### WHAT IS NEEDED
Write the data out again, character for character, with no images.

### MATERIAL FOR THE TASK

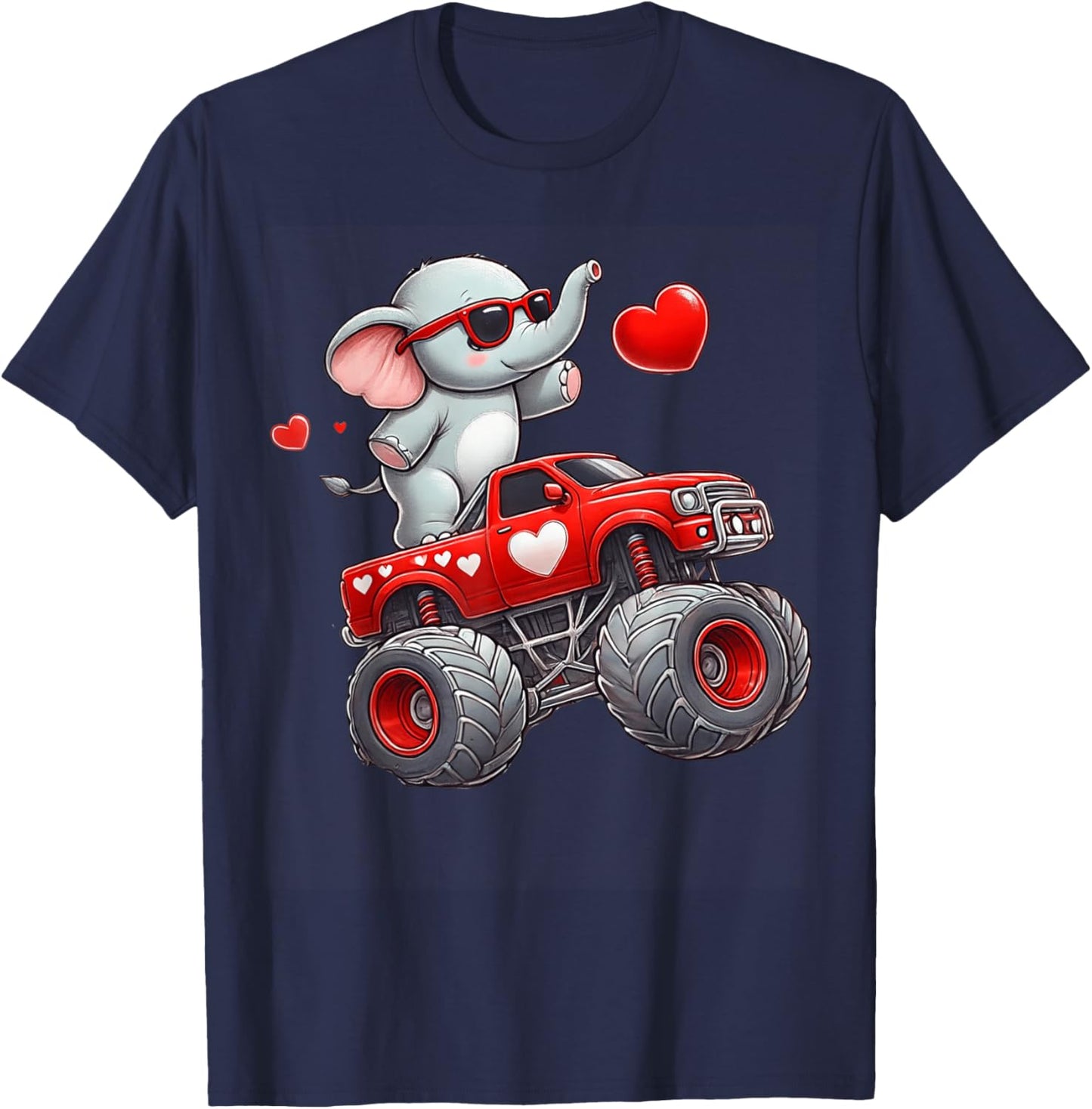 Valentines Day Elephant Riding Monster Truck Cute Boys Girls T-Shirt - T-Shirt | Navy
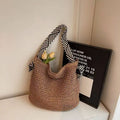 Navy Straw Woven One-Shoulder Commuter Tote Bag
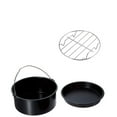 thumbnail image 4 of 7-inch Black Air Fryer Accessories 3-Piece Set - Stainless Steel Nonstick Pizza Pan, Baking Cake Barrel & Grill Rack, Dishwasher Safe, Heat-Resistant Universal Kit Fits Most 3+ Quart Air Fryers &, 4 of 7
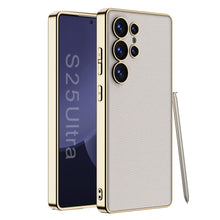 Load image into Gallery viewer, Luxury Leather Golden Boarder Case For Galaxy S25 Ultra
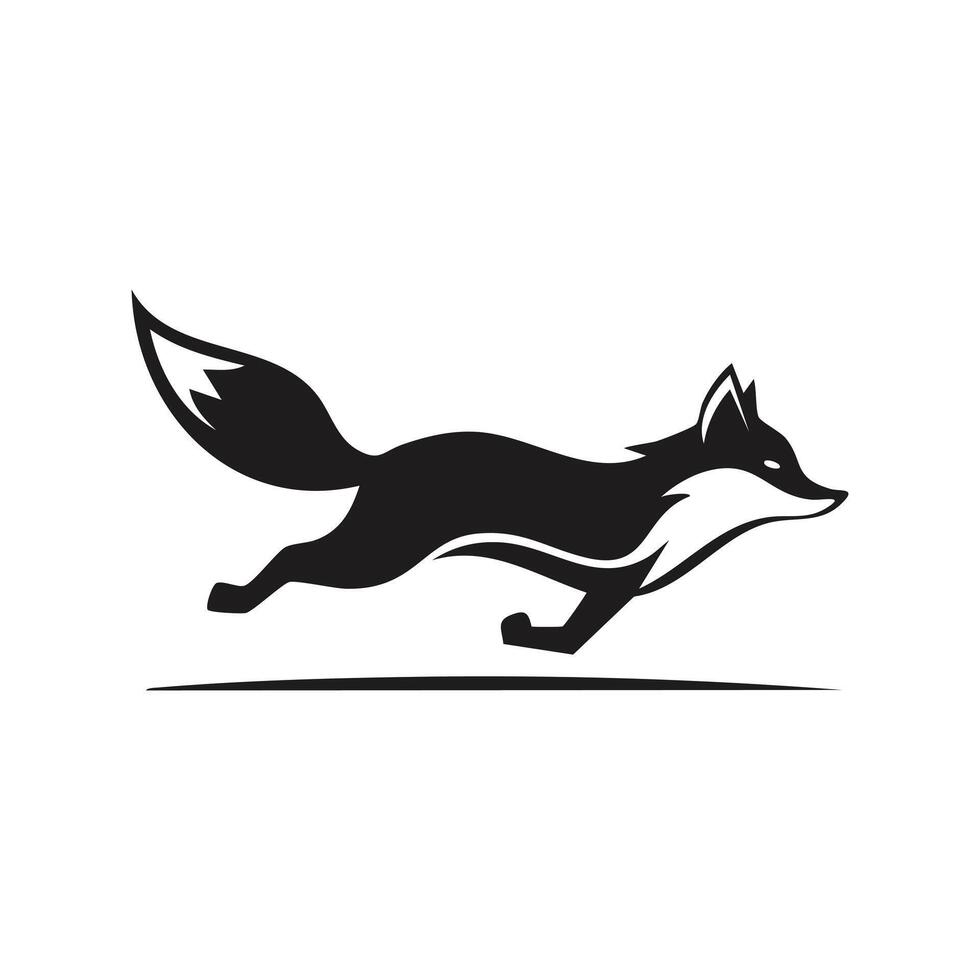 Black and white logo Running fox vector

### RESULT FOR THIS EXERCISE
 Valentines Day Elephant Riding Monster Truck Cute Boys Girls T-Shirt - T-Shirt | Navy
 Navy Straw Woven One-Shoulder Commuter Tote Bag
 thumbnail image 4 of 7-inch Black Air Fryer Accessories 3-Piece Set - Stainless Steel Nonstick Pizza Pan, Baking Cake Barrel & Grill Rack, Dishwasher Safe, Heat-Resistant Universal Kit Fits Most 3+ Quart Air Fryers &, 4 of 7
 Load image into Gallery viewer, Luxury Leather Golden Boarder Case For Galaxy S25 Ultra
 Black and white logo Running fox vector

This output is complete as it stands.